Posted by Young on February 16, 2020

Task06:批量归一化和残差网络|凸优化|梯度下降

批量归一化(Batch Normalization)

Training deep neural nets is difficult. And getting them to converge in a reasonable amount of time can be tricky. In this section, we describe batch normalization (BN) [Ioffe & Szegedy, 2015], a popular and effective technique that consistently accelerates the convergence of deep nets.

  • 对输入的标准化(浅层模型)

    处理后的任意一个特征在数据集中所有样本上的均值为0、标准差为1。标准化处理输入数据使各个特征的分布相近

  • 批量归一化(深度模型)

    利用小批量上的均值和标准差,不断调整神经网络中间输出,从而使整个神经网络在各层的中间输出的数值更稳定。

对全连接层做批量归一化

  • 使用全连接层的情况,计算特征维上的均值和方差

  • 位置:全连接层中的仿射变换和激活函数之间

    • 全连接: \(\begin{aligned} \boldsymbol{x}=\boldsymbol{W} \boldsymbol{u}+\boldsymbol{b} \\ \text {output}=\phi(\boldsymbol{x}) \end{aligned}\)
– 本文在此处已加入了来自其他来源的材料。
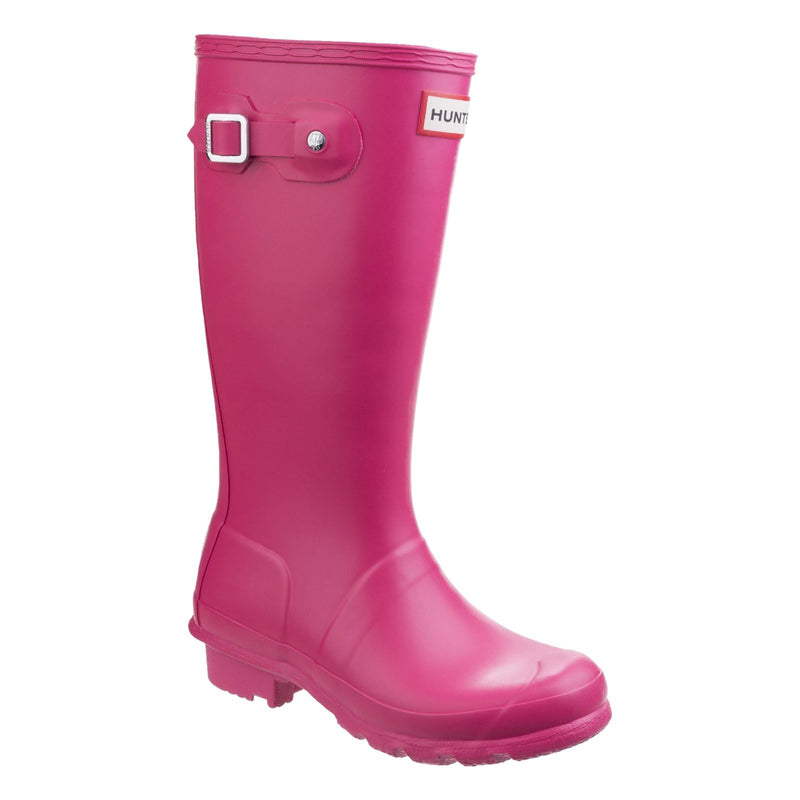 Hunter Original Bottes En Caoutchouc Rose.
    • 批量归一化: \(\begin{aligned} \text { output } &=\phi(\mathrm{BN}(\boldsymbol{x})) \\ \boldsymbol{y}^{(i)} &=\mathrm{BN}\left(\boldsymbol{x}^{(i)}\right) \\ \boldsymbol{\mu}_{\mathcal{B}} & \leftarrow \frac{1}{m} \sum_{i=1}^{m} \boldsymbol{x}^{(i)} \\ \boldsymbol{\sigma}_{\mathcal{B}}^{2} & \leftarrow \frac{1}{m} \sum_{i=1}^{m}\left(\boldsymbol{x}^{(i)}-\boldsymbol{\mu}_{\mathcal{B}}\right)^{2} \\ \hat{\boldsymbol{x}}^{(i)} & \leftarrow \frac{\boldsymbol{x}^{(i)}-\boldsymbol{\mu}_{\mathcal{B}}}{\sqrt{\boldsymbol{\sigma}_{\mathcal{B}}^{2}+\epsilon}} \end{aligned}\)

      这⾥ϵ > 0是个很小的常数,保证分母大于0,$\boldsymbol{y}^{(i)} \leftarrow \boldsymbol{\gamma} \odot \hat{\boldsymbol{x}}^{(i)}+\boldsymbol{\beta}$,引入可学习参数:拉伸参数γ和偏移参数β。若 $\gamma=\sqrt{\sigma_{\mathcal{B}}^{2}+\epsilon}$ 和 $ \boldsymbol{\beta}=\boldsymbol{\mu}_{\mathcal{B}}$ 批量归一化无效。

对卷积层做批量归⼀化

  • 使用二维卷积层的情况,计算通道维上(axis=1)的均值和方差
  • 位置:卷积计算之后、应⽤激活函数之前
  • 如果卷积计算输出多个通道,我们需要对这些通道的输出分别做批量归一化,且每个通道都拥有独立的拉伸和偏移参数。
    • 拉伸参数和偏移参数为可学习参数,非超参数

预测时的批量归⼀化

  • 训练:以batch为单位, 对每个batch计算均值和方差。 预测:用移动平均估算整个训练数据集的样本均值和方差。
net = nn.Sequential(
            nn.Conv2d(1, 6, 5), # in_channels, out_channels, kernel_size
            BatchNorm(6, num_dims=4),
            nn.Sigmoid(),
            nn.MaxPool2d(2, 2), # kernel_size, stride
            nn.Conv2d(6, 16, 5),
            BatchNorm(16, num_dims=4),
            nn.Sigmoid(),
            nn.MaxPool2d(2, 2),
            d2l.FlattenLayer(),
            nn.Linear(16*4*4, 120),
            BatchNorm(120, num_dims=2),
            nn.Sigmoid(),
            nn.Linear(120, 84),
            BatchNorm(84, num_dims=2),
            nn.Sigmoid(),
            nn.Linear(84, 10)
        )

Residual Networks (ResNet)

深度学习的问题:深度CNN网络达到一定深度后再一味地增加层数并不能带来进一步地分类性能提高,反而会招致网络收敛变得更慢,准确率也变得更差。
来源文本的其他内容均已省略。